Published in the Review of Income and Wealth in May 2025, Singh’s paper analyses national accounts, income tax data, and asset disclosures from Lok Sabha MPs. The Hindu reported that Singh's research reveals that “the wealthier a household is, the smaller the income it reports relative to its wealth.”

In other words, those at the very top of India’s economic pyramid appear to be disclosing disproportionately lower incomes in comparison to their substantial asset holdings — an indicator that income inequality in India may be far more pronounced than previously believed.

The paper quantifies this mismatch, stating that a 1 per cent rise in wealth corresponds to a more than 0.6 per cent drop in the reported income-to-wealth ratio. This trend holds across all forms of declared income, from taxable to capital gains.

Among India’s richest, including families listed in Forbes' 2021 rankings, reported income amounts to just 1/12th of their total wealth — a statistic that, according to Singh, suggests deliberate income concealment to minimise tax liability.

These findings offer new context to the 2024 presentation by French economist Gabriel Zucman to G20 finance ministers in Brazil, where he argued that traditional income taxation structures fail to capture the real earnings of the ultra-rich.

Zucman’s recommendation — a global presumptive income tax based on wealth — stems from the understanding that the richest individuals derive most of their gains not from salaries but from capital assets such as equity, real estate, and private companies.

In his proposal, a 2 per cent tax on wealth equates to a 33 per cent tax on an assumed 6 per cent return, effectively plugging gaps left by income-based taxation.

Zucman’s model aims to counteract the growing inefficacy of conventional income taxes in the face of wealth hoarding and aggressive tax planning by high-net-worth individuals.

His call for an international minimum tax on billionaires would counter capital flight and render tax avoidance via relocation less viable — a concern that has historically stymied wealth tax discussions.

India’s case seems particularly stark. Singh’s paper points out anomalies such as rental yields being under-reported, especially from agricultural land — an area often used to claim tax-free income.

Despite the expectation that rental income would outperform equity dividends, the data show otherwise, hinting at tax evasion through misreporting or exploiting exemptions on farm income.

The affidavits of election candidates showed similar patterns, with one notable deviation: MPs with higher chances of winning, and thus greater public and media scrutiny, tended to disclose income figures more faithfully.

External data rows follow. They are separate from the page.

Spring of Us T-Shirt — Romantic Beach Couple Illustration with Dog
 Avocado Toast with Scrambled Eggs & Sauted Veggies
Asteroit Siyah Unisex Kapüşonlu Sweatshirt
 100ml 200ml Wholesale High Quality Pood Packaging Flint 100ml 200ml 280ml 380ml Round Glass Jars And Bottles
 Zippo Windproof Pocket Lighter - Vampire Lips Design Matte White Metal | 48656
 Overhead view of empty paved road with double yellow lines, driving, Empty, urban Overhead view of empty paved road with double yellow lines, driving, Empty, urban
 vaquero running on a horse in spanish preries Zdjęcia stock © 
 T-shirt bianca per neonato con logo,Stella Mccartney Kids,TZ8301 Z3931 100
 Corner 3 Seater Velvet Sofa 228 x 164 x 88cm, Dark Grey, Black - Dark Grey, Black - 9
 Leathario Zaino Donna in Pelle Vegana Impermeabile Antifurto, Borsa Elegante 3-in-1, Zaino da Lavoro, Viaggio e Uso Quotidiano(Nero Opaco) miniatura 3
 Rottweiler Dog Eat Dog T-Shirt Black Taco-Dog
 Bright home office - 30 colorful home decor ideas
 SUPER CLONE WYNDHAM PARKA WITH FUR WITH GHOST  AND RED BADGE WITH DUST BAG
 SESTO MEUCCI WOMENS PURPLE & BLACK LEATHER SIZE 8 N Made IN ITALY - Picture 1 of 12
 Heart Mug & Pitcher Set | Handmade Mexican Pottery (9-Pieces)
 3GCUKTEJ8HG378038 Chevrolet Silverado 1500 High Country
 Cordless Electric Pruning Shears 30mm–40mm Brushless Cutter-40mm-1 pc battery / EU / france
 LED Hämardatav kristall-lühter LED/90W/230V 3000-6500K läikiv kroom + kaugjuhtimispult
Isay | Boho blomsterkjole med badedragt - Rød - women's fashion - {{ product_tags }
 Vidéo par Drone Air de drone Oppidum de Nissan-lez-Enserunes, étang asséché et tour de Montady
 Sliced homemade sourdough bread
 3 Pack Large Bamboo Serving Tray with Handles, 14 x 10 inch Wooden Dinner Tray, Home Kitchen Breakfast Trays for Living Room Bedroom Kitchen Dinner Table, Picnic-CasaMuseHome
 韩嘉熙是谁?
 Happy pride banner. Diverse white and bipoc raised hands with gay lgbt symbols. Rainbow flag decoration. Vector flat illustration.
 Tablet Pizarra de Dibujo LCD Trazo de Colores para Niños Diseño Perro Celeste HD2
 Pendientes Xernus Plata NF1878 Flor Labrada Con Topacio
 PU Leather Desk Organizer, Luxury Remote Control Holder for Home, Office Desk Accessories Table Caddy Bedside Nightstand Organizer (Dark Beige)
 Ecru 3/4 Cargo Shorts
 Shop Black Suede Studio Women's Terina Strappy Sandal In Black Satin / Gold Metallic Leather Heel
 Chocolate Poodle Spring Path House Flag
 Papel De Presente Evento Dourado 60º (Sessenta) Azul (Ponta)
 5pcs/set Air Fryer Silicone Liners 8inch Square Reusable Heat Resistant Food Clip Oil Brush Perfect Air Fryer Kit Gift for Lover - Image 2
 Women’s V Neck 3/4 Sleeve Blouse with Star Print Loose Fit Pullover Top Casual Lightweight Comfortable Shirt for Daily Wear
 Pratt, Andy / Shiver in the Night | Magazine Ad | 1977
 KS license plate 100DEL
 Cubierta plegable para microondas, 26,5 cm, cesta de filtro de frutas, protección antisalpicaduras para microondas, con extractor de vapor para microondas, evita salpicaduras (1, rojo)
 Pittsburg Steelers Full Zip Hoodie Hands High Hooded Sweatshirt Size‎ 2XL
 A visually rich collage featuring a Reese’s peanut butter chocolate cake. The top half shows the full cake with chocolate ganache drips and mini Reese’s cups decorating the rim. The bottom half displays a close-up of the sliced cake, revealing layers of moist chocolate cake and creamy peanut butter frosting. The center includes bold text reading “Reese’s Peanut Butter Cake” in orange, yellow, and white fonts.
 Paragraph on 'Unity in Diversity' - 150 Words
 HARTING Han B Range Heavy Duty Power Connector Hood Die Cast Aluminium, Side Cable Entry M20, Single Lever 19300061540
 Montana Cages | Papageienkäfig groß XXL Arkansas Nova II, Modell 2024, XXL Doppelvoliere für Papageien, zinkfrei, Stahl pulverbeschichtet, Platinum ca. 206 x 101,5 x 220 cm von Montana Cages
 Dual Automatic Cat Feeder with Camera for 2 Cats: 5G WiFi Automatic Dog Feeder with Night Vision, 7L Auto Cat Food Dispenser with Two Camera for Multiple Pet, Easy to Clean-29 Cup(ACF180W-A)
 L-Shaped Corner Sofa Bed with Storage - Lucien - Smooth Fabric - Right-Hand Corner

These domestic findings correspond with global observations. Oxfam’s 2024 report highlights that the world’s richest pay strikingly little tax. Elon Musk’s effective tax rate stood at 3.2 per cent, while Jeff Bezos paid under 1 per cent, the report claims. In contrast, ordinary workers in developing countries, like Aber Christine — a Ugandan market vendor — paid up to 40 per cent of her income in taxes.

India’s most prominent tycoon, Mukesh Ambani, has long been emblematic of this disparity. Though the chairman of Reliance Industries has ranked among India’s wealthiest for over a decade, he has never featured in the top 100 income taxpayers.

His self-imposed reduction in annual compensation — from Rs 37 crore to Rs 15 crore — reflects a global trend: for the ultra-rich, income is no longer the main avenue for wealth accumulation. Their wealth grows through ownership structures, passive gains, and tax-exempt avenues.

While Singh’s study does not propose specific policy remedies, it starkly underscores the inadequacy of India's current tax structure in capturing and redistributing wealth.

Previous research by the World Inequality Lab pegged the top 1 per cent of Indians as holding 40.1 per cent of wealth and earning 22.6 per cent of the country’s income — figures that Singh argues may in fact understate the inequality due to income under-reporting.

The convergence of Singh’s findings with Zucman’s G20 proposal and Oxfam’s advocacy signals a growing global consensus: taxing income alone is no longer sufficient. As the wealth gap deepens and regressive taxation structures persist, international cooperation — and bold domestic reform — may be the only path to a more equitable economic future.